There is a temptation in every ceasefire negotiation to treat geography as the main variable. Diplomats sweat over where the front line freezes, which towns change hands and which lands are labeled “temporarily occupied.” Yet the central question in these talks is not simply whether Ukraine might give up a portion of Donbas, the ravaged region on the nation’s eastern border with Russia, under a negotiated formula. It is what comes next. What prevents Russia from turning a “ceasefire” into a means of finishing the job?

This is not merely a theoretical question. Ukraine learned some hard lessons in 2015 that have left it understandably cautious.

That year, the second Minsk agreement was signed to stop the war in eastern Ukraine. The ceasefire was set to begin on Feb. 15. As the diplomatic ink dried, officials spoke hopefully of de-escalation. But on the ground, the fighting did not stop. Russian forces and their proxies continued their assault on Debaltseve, a key rail and road junction. Only after the city fell and Ukrainian troops were forced to withdraw on Feb. 18 did the ceasefire truly take hold. In practice, the ceasefire served as diplomatic cover for Russia to seize what it wanted before the line froze.

Worse, despite the fact that Russian forces continued to violate the ceasefire, Germany and France insisted on talking about compliance. Rather than declaring the effort dead, they leaned hard on Ukraine, which was largely reacting to Russia’s provocations, to keep up its side of the deal. This was not due to naiveté. It was due to the gravitational pull of process when enforcement is weak. The side that violates the terms creates new facts on the ground; the side that complies is pressed to keep complying — to “save the deal” and to avoid being blamed for collapse.

Ukraine rightly fears a repeat of this dynamic. If Ukrainian forces withdraw from certain areas, what physically prevents Russia from moving into the newly vacated territory under whatever pretense they come up with? Even if the United States and Europe threaten consequences for such breaches, everyone understands the grim asymmetry: Sanctions can be reimposed, weapons deliveries can be accelerated, diplomatic isolation can deepen, and statements of condemnation can be issued.

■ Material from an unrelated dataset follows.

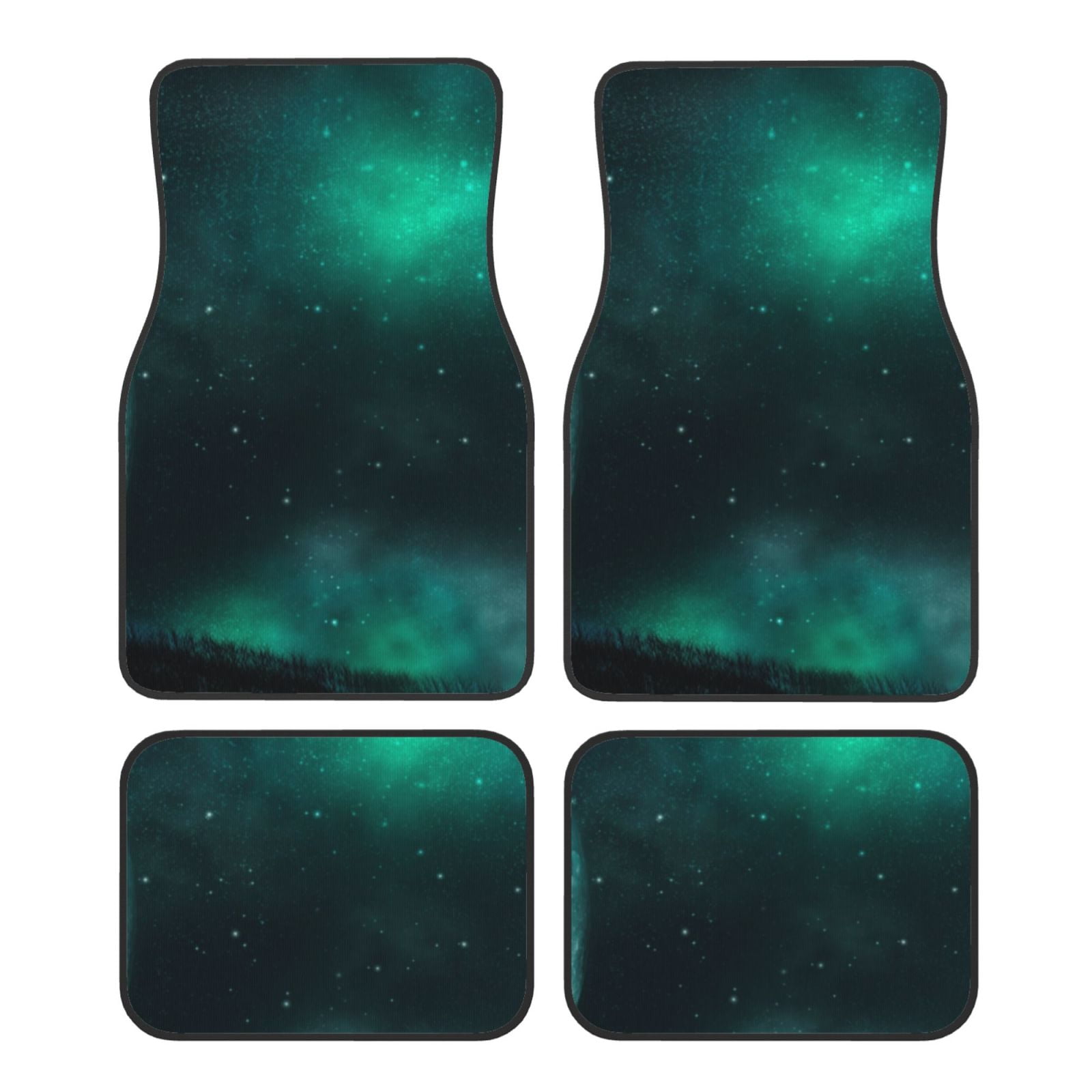 Honeii Witch House On The Hill Print Car Foot Mat FourPiece Set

But no Western army is going to storm a town in eastern Ukraine to evict Russian troops after the fact.

A durable ceasefire now hangs on two questions.

First, will Russia accept an agreement in which many of its demands are satisfied only nominally — on paper, partially or conditionally? It might, if cornered. President Vladimir Putin’s speech on Wednesday suggests his full goals remain unchanged. But Moscow has long treated incremental concessions at negotiations as partial wins to pocket. A ceasefire that reduces Russia’s immediate costs while preserving the option to escalate later is not a concession for Putin; it is his strategy.

Second, how will compliance be enforced in a way that actively blocks opportunistic advances rather than merely punishes them after the fact? If the answer is only “we will respond,” then Ukraine is being asked to trade territory for promises — and to trust that Russia will not test those promises. Ukraine has no trust left to give.

This is precisely what worries Zelensky and holds him back — and why his caution is not stubbornness but responsibility. A ceasefire that simply shifts the battlefield into a slower, dirtier gear — with ongoing Russian provocations, creeping annexation, acts of sabotage and attempts at political destabilization — is not a meaningful ceasefire at all...

In negotiations like these, you can traverse nearly the entire distance and still be forced to stop at the final step. Because it’s at the final step that risk concentrates and illusions collapse."